I've been saying this for years and I'll re-up it here:
It's fascinating to me the way the very political syndicated (and in some cases local) talkers only seem to do well on platforms that have decades of existing community goodwill as having been full-service voices. WBEN or WHAM (or WOWO or WTMJ) may not be growing any, but they hold their own among listeners 50- or 55-plus, sometimes enough to hang on to top-five slots in the 12-plus beauty contest.
But then as soon as you move their "star" talent somewhere else that doesn't come with that legacy reputation, it sinks like a stone. When Rush moved from WRKO to WXKS in Boston... hello, zero-point-something, and it never came back even when they moved him back. Same with KEIB in LA.
There have been essentially zero successful launches-from-scratch of new conservative talk stations as anything more than a niche play. It cratered for iHeart in Pittsburgh on WPGB-FM. It's also telling that in markets where there's been a lot of migration and significant parts of the 55+ population didn't grow up with local full-service radio there, the "legacy" stations have suffered more.
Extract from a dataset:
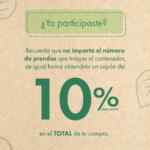 En C&A recicla una prenda y obtén cupón de 10% de descuento en el total de tus compras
If you move to South Florida when you're 64, it doesn't matter that WIOD was the full-service voice in the seventies and eighties. You don't remember that, and you're only going to tune into WIOD if you're in the niche that wants to hear the political talk.
My takeaway from that has always been that it's really the legacy memory of what these stations once were that has kept them strong(-ish), and that the political talk that pulls to the extremes has actually been along for the ride. Or, to put it more pithily: it's entirely possible that stations like WBEN have actually survived and semi-thrived not because of their political leanings, but in spite of them.
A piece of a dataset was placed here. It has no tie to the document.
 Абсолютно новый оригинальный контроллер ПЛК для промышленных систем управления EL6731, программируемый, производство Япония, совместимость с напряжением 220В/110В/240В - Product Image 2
A final data point that helps back up my analysis here: the old-line AM stations that have leveraged their legacies in less politically-charged ways - the all-newsers like WCBS and WBBM and the handful of stations that stayed full-service with a little less of a political charge, like WGN and KFI, have generally done as well or better over the years as the ones that latched on to hard-core political talk.
If I'm right, it probably doesn't matter at this point; it's not as though WBEN or WHAM are going to change their stripes now, and even if they did, their reputations with younger audiences are what they are now. But it's an interesting thought experiment about how things could well have gone differently.